Gab es den Schießbefehl?
Ulbricht:

„Dieser sagenhafte Schießbefehl existiert bekanntlich nicht. Für unsere bewaffneten Kräfte einschließlich der Grenzsicherungskräfte gibt es — ebenso wie für die bewaffneten Kräfte aller Länder der Welt und an allen Grenzen der Welt — bestimmte Vorschriften, die den Waffengebrauch, insbesondere den Gebrauch von Schußwaffen, regeln."

Peter Hagens

Der Anfang 1966 geflüchtete 21 jährige Peter Hagens, zuletzt Gefreiter in der l. Kompanie des 42. Grenzregiments des „Kommandos Grenze" der NVA, bestätigte z. B., daß Anfang Dezember 1965 dieser erweiterte Schießbefehl den Grenzsoldaten verlesen, und zwar nur verlesen wurde." Danach muß auf Flüchtlinge ohne Anruf und Warnschuß gezielt geschossen werden, wenn sie sich der Grenze etwa auf 100 Meter genähert haben und dabei den ersten Stacheldraht der Vorsperre bzw. den ganz West-Berlin umgebenden, Alarmanlagen auslösenden „Kontaktzaun" überwunden haben. Hagens berichtete das für seinen Zug, der auf dem Abschnitt zwischen Johannisthaler Chaussee und Rudower Straße südlich von West-Berlin eingesetzt war sowie für die anderen Züge seiner Kompanie. Der Erlaß eines solchen erweiterten Schießbefehls ist dem Kommandeur der jeweiligen Grenzeinheit gemäß seiner Beurteilung der örtlichen Geländegegebenheiten freigestellt. Er muß dazu zwar das Einverständnis des Ostberliner Stadtkommandanten Poppe einholen, jedoch ist das eine bloße Formalität.

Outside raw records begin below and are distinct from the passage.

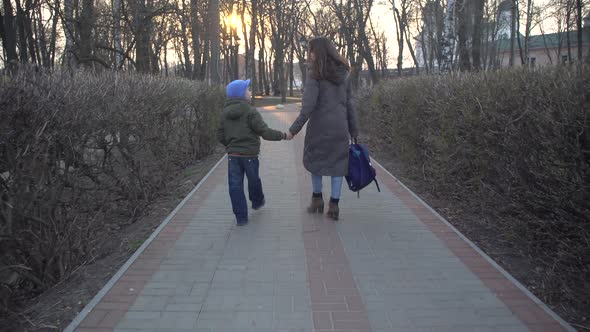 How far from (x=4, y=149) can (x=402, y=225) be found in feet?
12.6

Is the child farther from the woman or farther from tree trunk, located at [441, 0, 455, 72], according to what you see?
tree trunk, located at [441, 0, 455, 72]

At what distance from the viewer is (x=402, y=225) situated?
5.54 metres

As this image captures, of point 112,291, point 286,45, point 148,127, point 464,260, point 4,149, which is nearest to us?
point 4,149

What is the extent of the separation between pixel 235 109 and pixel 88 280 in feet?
7.09

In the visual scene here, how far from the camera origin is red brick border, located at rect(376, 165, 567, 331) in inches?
130

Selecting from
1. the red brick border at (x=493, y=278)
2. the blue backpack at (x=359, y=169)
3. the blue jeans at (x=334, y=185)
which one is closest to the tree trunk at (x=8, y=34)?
the blue jeans at (x=334, y=185)

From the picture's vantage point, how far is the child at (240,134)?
5.30 meters

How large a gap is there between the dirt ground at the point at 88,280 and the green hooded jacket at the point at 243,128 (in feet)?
4.35

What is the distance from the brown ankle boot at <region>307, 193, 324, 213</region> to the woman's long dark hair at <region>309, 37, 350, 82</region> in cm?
137

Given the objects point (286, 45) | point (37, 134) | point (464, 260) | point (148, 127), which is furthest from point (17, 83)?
point (286, 45)

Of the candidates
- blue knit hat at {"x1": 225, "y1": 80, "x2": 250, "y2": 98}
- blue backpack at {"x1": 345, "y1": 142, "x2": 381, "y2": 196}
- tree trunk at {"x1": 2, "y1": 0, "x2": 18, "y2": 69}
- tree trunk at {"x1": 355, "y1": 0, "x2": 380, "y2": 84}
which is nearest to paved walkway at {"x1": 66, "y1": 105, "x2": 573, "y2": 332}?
blue backpack at {"x1": 345, "y1": 142, "x2": 381, "y2": 196}

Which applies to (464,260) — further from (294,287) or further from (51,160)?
(51,160)

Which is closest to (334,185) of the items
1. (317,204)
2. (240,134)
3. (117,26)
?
(317,204)

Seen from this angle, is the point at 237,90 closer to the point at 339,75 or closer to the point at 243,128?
the point at 243,128
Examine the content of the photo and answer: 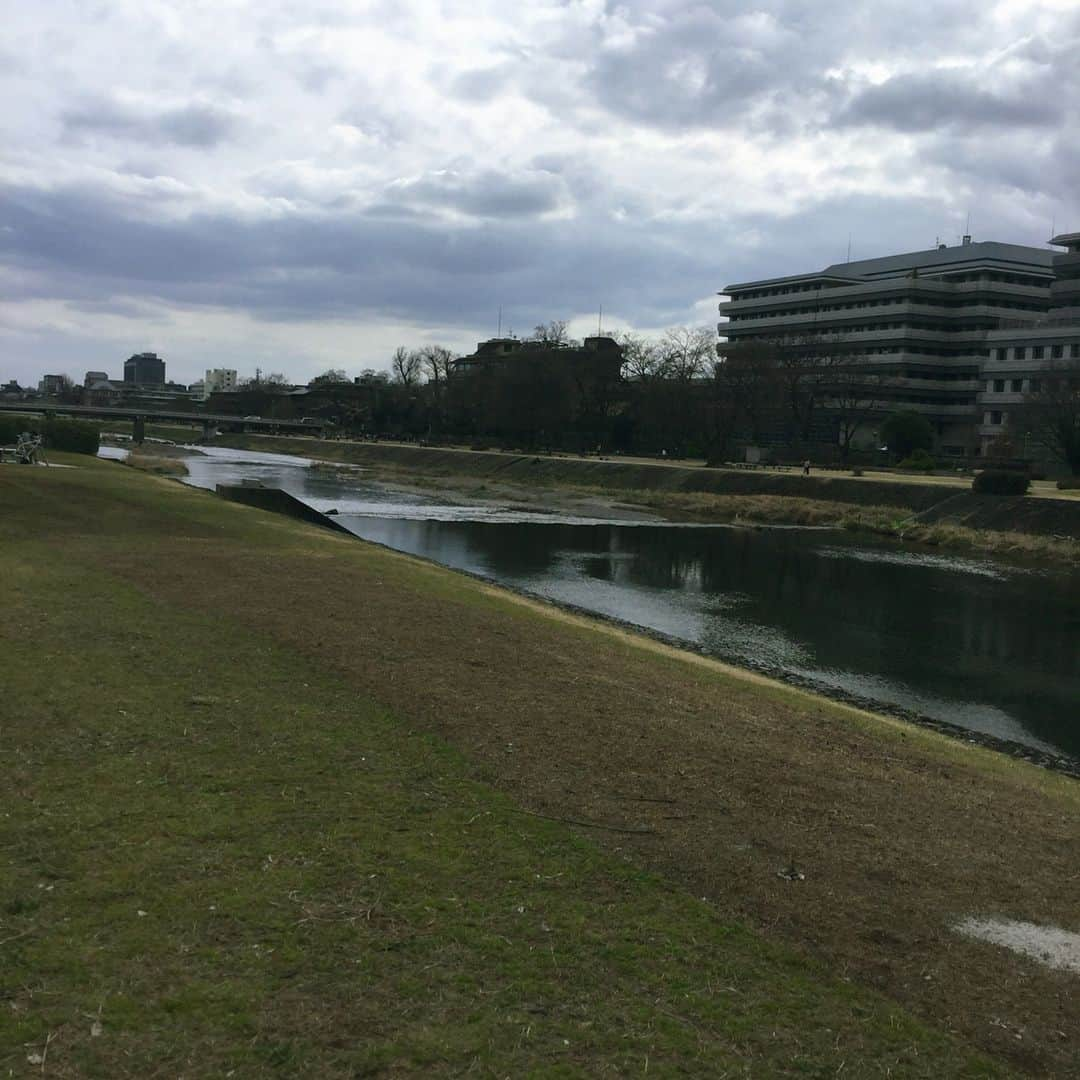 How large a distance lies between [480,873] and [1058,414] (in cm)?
7580

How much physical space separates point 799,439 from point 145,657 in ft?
328

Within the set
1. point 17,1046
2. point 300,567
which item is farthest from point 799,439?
point 17,1046

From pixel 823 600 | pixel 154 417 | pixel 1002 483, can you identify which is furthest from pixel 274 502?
pixel 154 417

Oberst Heibig Oberst Heibig, stellvertretender Chef der NVA-Polithauptverwaltung, erklärte vor Grenzsoldaten: „Aber selbst der beste Schütze, der im Schlaf das Schwarze auf der Scheibe trifft, kann nicht ein guter Grenzsoldat sein, wenn er nicht die Klassenfrage in Deutschland begreift, wenn er nicht unterscheiden kann, wer ist mein Freund und wer ist mein Feind, der glaubt, daß auch ein Grenzverletzer ein guter Deutscher ist und der nicht alle seine Fähigkeiten einsetzt, um jede Grenzverletzung und jede Provokation zu verhindern."
Verteidigungsminister Hoffmann: „Es gibt für unsere Grenztruppen keinen besonderen „Schießbefehl" und erst recht keine sogenannten „Abschußprämien", über die man seit einigen Wochen in westlichen Redaktionsstuben viel Tinte verspritzt. Wir haben die gleiche Ordnung an der Grenze wie jeder andere Staat. Wenn irgendwo jemand illegal über die Grenze geht, ohne die Warnung des Grenzpostens zu beachten, wird geschossen."